And there, I believe, arises the power of writing over other art forms. More than painting or music, the written word requires the active participation of the reader. A gallery patron can wander from room to room, appreciating this painting, ignoring that one. A concert goer can listen intently to the music or ignore it, letting the blend of sounds wash past his or her ears while thinking of something else. A diner can wolf down an exquisite meal without savoring its flavors or appreciating its presentation. But a reader cannot follow the thread of an article, argument, or story without focusing on the words, absorbing them, interpreting them in terms of his or her own vocabulary, knowledge, and experience, and helping the author create the logical or imaginative structure—the relationship of ideas, or the embodiment of character and plot line—inside his or her own mind.

Unlike the sensual arts, which can stay outside at the limits of our ears and eyeballs, or pass quickly over our tongues, the rhetorical and literary arts must pass through to the brain and work their magic directly on the reader’s insight and imagination. This is where the conscious mind builds its perceptions of the world. Unless this active collaboration proceeds, the words remain inert marks upon the page or sounds spoken into empty air. This need for reader collaboration creates a particular challenge for the writer.

Any artist faces a certain amount of audience resistance. Gallery patrons tend to focus on and gather around paintings that have some familiarity for them, something they can approach as they have approached it before. This is why artist retrospectives and museum exhibits of famous paintings from another era are so successful: the public already knows that it will like and understand what it sees. But the new painter, striving to present some of that individual taste or explore those stretched standards, presents even the most active and receptive viewer with a question mark. “Do I like this?” “Do I understand what the artist is doing?” And ultimately, “Do I care about this?”
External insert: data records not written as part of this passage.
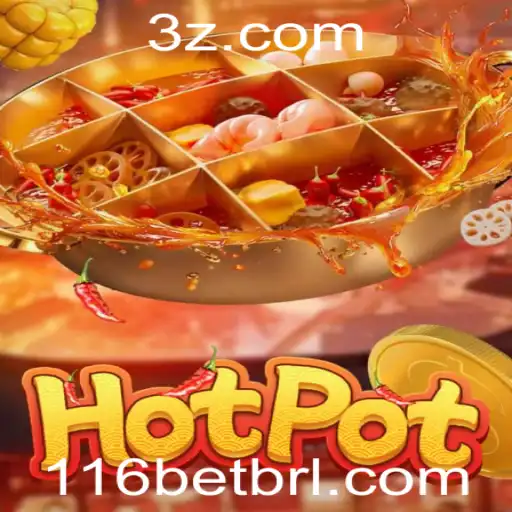 Descubra o Fascinante Mundo de Hotpot: Como Jogar e Ganhar com 116bet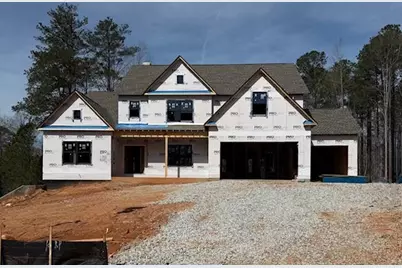 1425 Willowbend Place, Monroe, GA 30655 - Photo 2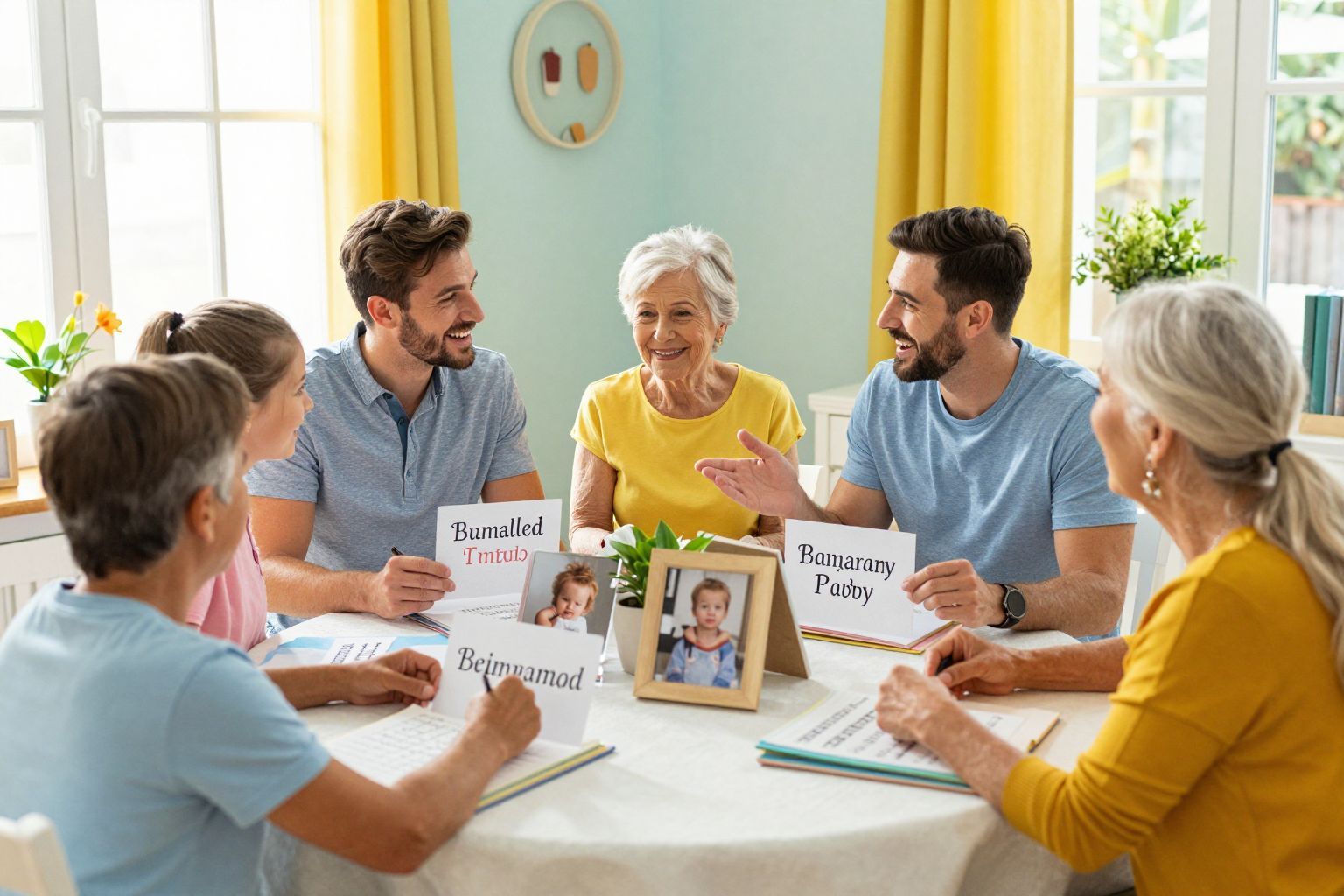 A modern nevek népszerűsége felülírja a régi hagyományokat.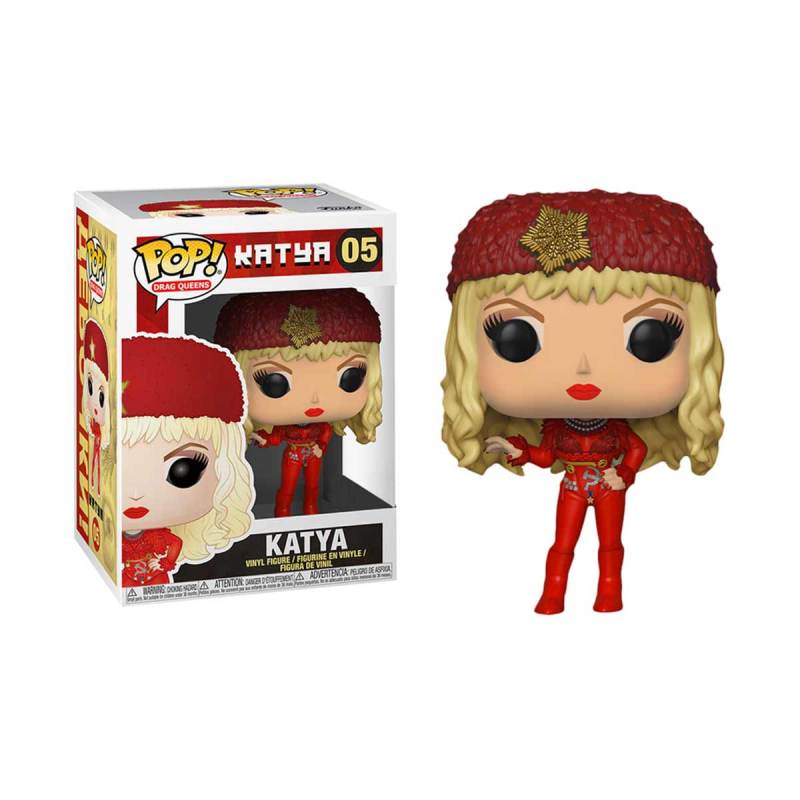 Jual Funko POP! Drag Queens - Katya 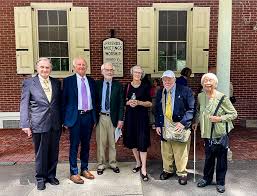 Dartmouth Class of 1962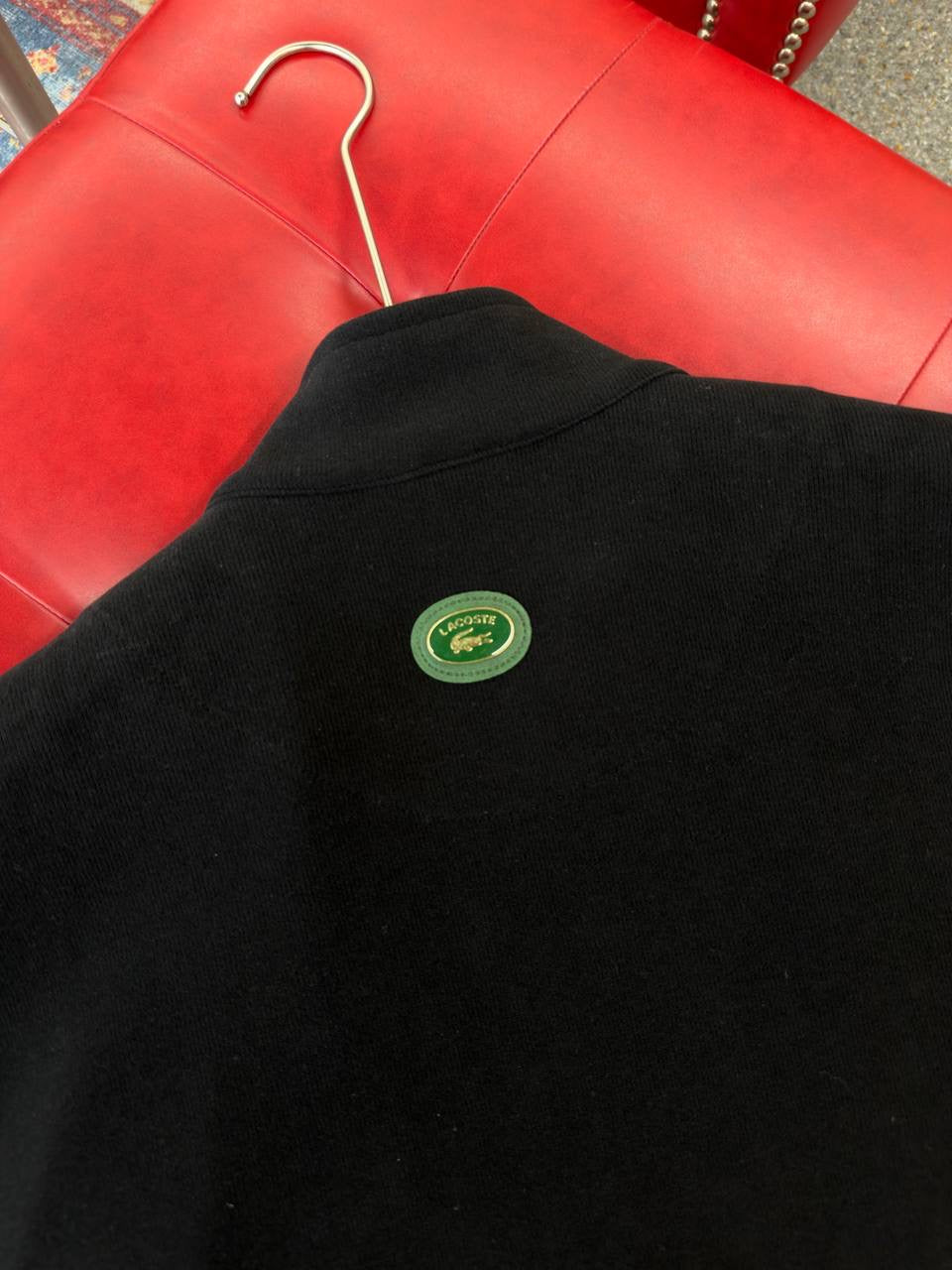 Lacoste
Similarly, a musician trying out new rhythms and new blends of harmonics risks having the audience react at first as if they were hearing mere noise. Two hundred years ago, the public and the music critics both reacted to Beethoven’s now-beloved symphonies as discordant and a caricature of other, more familiar composers.3 This may be one reason why many 19th-century composers like Dvorak and Holst took their themes from folk songs and country dances. In many ways, because a piece of music flows across time and at first hearing cannot be stopped, studied, and analyzed the way a painting can, the audience for a new musical work has less chance of asking those probing questions about liking and understanding.

The writer’s challenge is that readers are even more selective. While a person in a museum might glance at a Dali painting, even though he or she cares nothing for whimsically impressionist art, or a radio listener might catch part of a song from a heavy-metal rock band, even though his or her tastes run to country music, a reader is much less likely to pick up a book or a magazine full of stories devoted to an unfamiliar or disliked genre. A person who avidly reads science fiction might never encounter a romance story, and vice versa. And unless the reader opens the book, focuses on the words, starts giving them attention, and follows the thread … the magic does not happen.

Even when the tastes and taints of genre fiction are not involved, such as a straightforward think piece on some popular scientific, political, or economic question, the reader’s mind may have already erected barriers based on his or her previous thinking about the subject. So, to be read at all, to even start the reader’s mind along the thread of the article’s logic or the story’s plot, the writer must create a breakthrough moment. The article must start with a claim or a question that the reader has not thought about before or that ignites new impressions jarring his or her ordered sense of the world. The story must begin with piece of action or a mystery that draws the reader deeper into the plot and characters. And even before that, the book or magazine seeks a dynamic piece of cover art or a gripping blurb to draw the reader inside to the words on the page.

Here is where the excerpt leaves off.